Ring-tailed Lemurs are a favorite in zoos. This individual (male?) checked us out before allowing his troop members to cross the trail in front of us.

Explosive radiation!

Why are there are so many different kinds of colorful warblers?  Taxonomists have reclassified an amazing 37 species in the genus Setophaga based on their genetic similarities.   This represents an explosion of diversity — an adaptive radiation —  in the small insectivorous bird niche.  But unlike other classic examples of this kind of diversification in birds, like Darwin’s finches on the Galapagos Islands that differ in bill size and shape to exploit different types of seeds, the explosive radiation of warblers derives primarily from their behavioral differences in where they like to feed, as well as differences in plumage color and song.

Among the 37 we managed to photograph several that fly through Minnesota on their way to Canada and Alaska to breed.

One of the first warblers to arrive in the spring and one of the last to leave in the fall, Yellow-rumped Warblers seem like one of the most common of all warblers.  It is one of the most versatile in eating habits, taking insects from the air or eating wax-covered berries, which it has special enzymes to digest.

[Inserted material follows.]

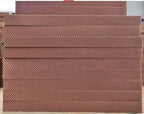High Efficiency Swamp Cooler Pads, Swamp Cooler Filter, Evaporative Cooling Pad, Evaporative Cooler Pads, Evaporative Cooler Replacement Media, 1 Piece (24" Long, 12" Wide, 6" Thick)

The warbler sporting a yarmulke type of black cap is Wilson’s Warbler, a tiny bit of gold fluff that breeds in alder and willow thickets of southern Canada after leaving its Mexican and Caribbean winter home.  You see them flash by at eye level or dipping down to the ground, always on the move and always obscured by the low vegetation in which they hunt for tiny insects.

Palm Warblers wag their tail constantly, and spend most of their time in low branches or on the ground hunting insects. They are early migrants, coming from the Caribbean and Yucatan peninsula to breed in the boreal forest of Canada where temperatures are below freezing at least 8 months of the year.

Magnolia Warblers are predominantly yellow and black, like many others, but add a necklace of black stripes as a finishing touch.  They prefer the dense coniferous forests of southern Canada. This is one of the few species whose population has actually increased in the past 50 years.

Chestnut-sided Warblers come from Central America to breed in southeastern Canada and northeastern U.S. They are typically found breeding in regenerating forests, unlike other warblers that migrate to mature deciduous or coniferous woods.

Blackpoll Warblers, flying butterballs when they migrate, double their body weight by putting on fat and fly 1800 miles non-stop over 3 days. They are the most northerly breeding warbler, going far up into the Alaskan boreal forest all the way from the Caribbean and northern South America.

Of all the spring migratory birds, I think this is my favorite. Bright flashes of color as it darts through the tops of trees, and a vivid orange throat are its trademark. It’s a long way from winter headquarters in northwestern South America to the mixed deciduous-coniferous forests of southeastern Canada.

Thirty-seven closely related variations of small insectivorous birds in just one genus out of a total of 119 species in the warbler family (Parulidae).  How did this happen?

Climate is one of the primary factors thought to be responsible for this diversity — specifically, the climate from 1-5 million years ago.  Periods when cold and ice moved south across most of Canada and the U.S. pushed warblers (and other bird species) into the southeastern corner of the U.S., intensifying competition for food, and forcing greater specialization of foraging habits.  Warmer periods promoted their movement into northern forests where they continued diversifying to forage in new niches there.  Another wave of cold and ice moving south started the cycle of specialization and diversification all over again.

The end result is a unique experiment in explosive radiation of the small insectivorous bird niche in North America.